No, I've thought better of it. Use $NEWSROOT/hierarchy/YYYY/MM/DD.tgz instead.
You get a number of files any filesystem can handle, an individual download
which is not too large, and your interface tool can handle the threading and
correlation and so forth. Side benefit, all of the tools to manipulate this
sort of thing are easy to build.
It would be nice to build a Subject index at the end of each month, too.
-dsr-
Hey, those guys stole my idea! :-) That could be very useful. I wonder
if they know about the Deja situation.
Well, it is for scholarship and research purposes only and you need a
password to access the materials. At least assuming the generic
policies at http://www.archive.org/proposal.html#Terms apply to the
usenet collection.
While that's still of some use, it does strike me as a somewhat
different service than a fully public one like what deja.com provides.
If Deja is going bankrupt, maybe we/someone could form a non-profit to
purchase their database for "pennies on the dollar"?

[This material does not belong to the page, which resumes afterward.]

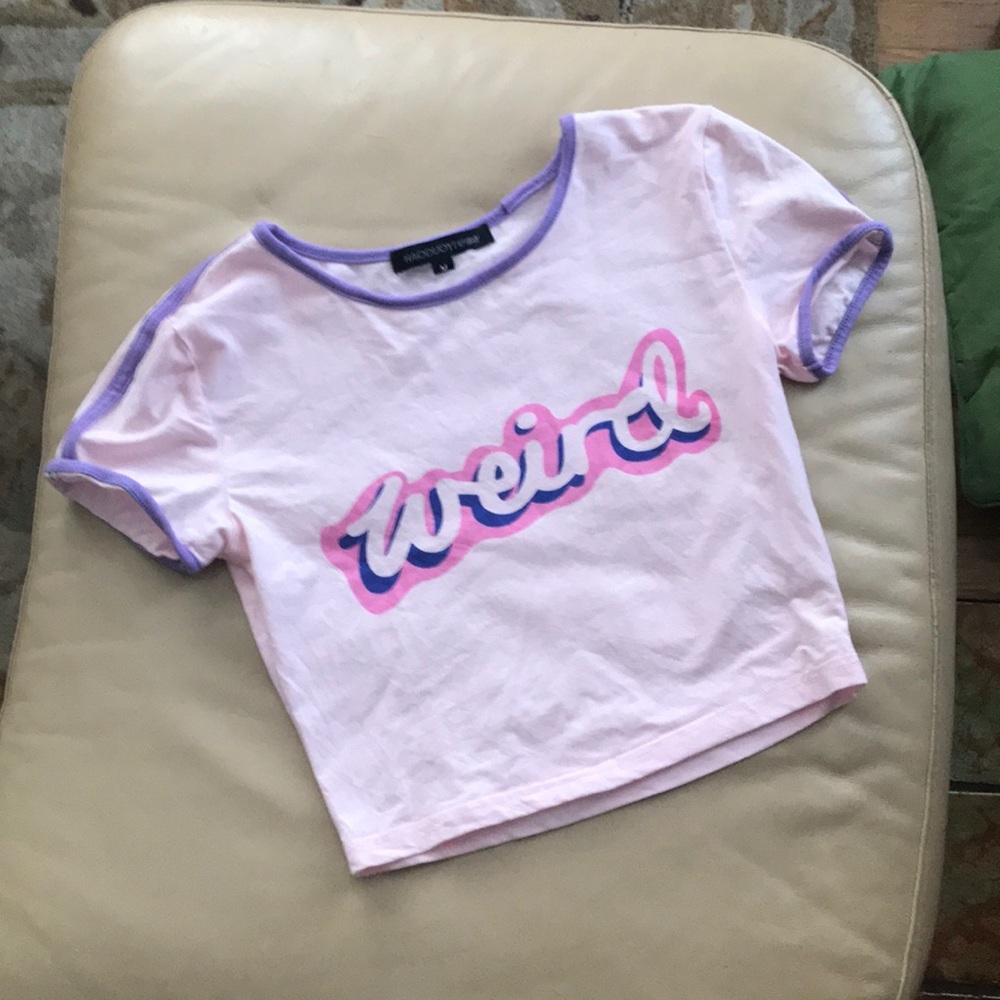 NWOT Weird crop top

And stashing the data in Freenet or MojoNation would work. All that
is "needed" is to convert every article into a single unique "pathname".
Heck, /usenet/messageid would work perfectly.
--
Mark Atwood | Freedom from want, freedom from fear, freedom from choice.
m...@pobox.com | Is that the freedom you want?
http://www.pobox.com/~mra
>If Deja is going bankrupt, maybe we/someone could form a non-profit to
>purchase their database for "pennies on the dollar"?
They're not going bankrupt. They're being acquired. The article on
ZDNet that started all this implied that the deal was pretty much done
but that the details weren't public yet, at least for the archiving
segment.
--
-------------------------------------------------------------------------
ka...@eyrie.org | Please do not e-mail me copies of material posted
Kate Wrightson | to newsgroups. I read the groups to which I post.
Sorry for follow up to a post of mine, and a somewhat old one at that,
but a closer reading of the story confirms this.
The key word is "profitable".
"The company believes the profitable Usenet business unit"....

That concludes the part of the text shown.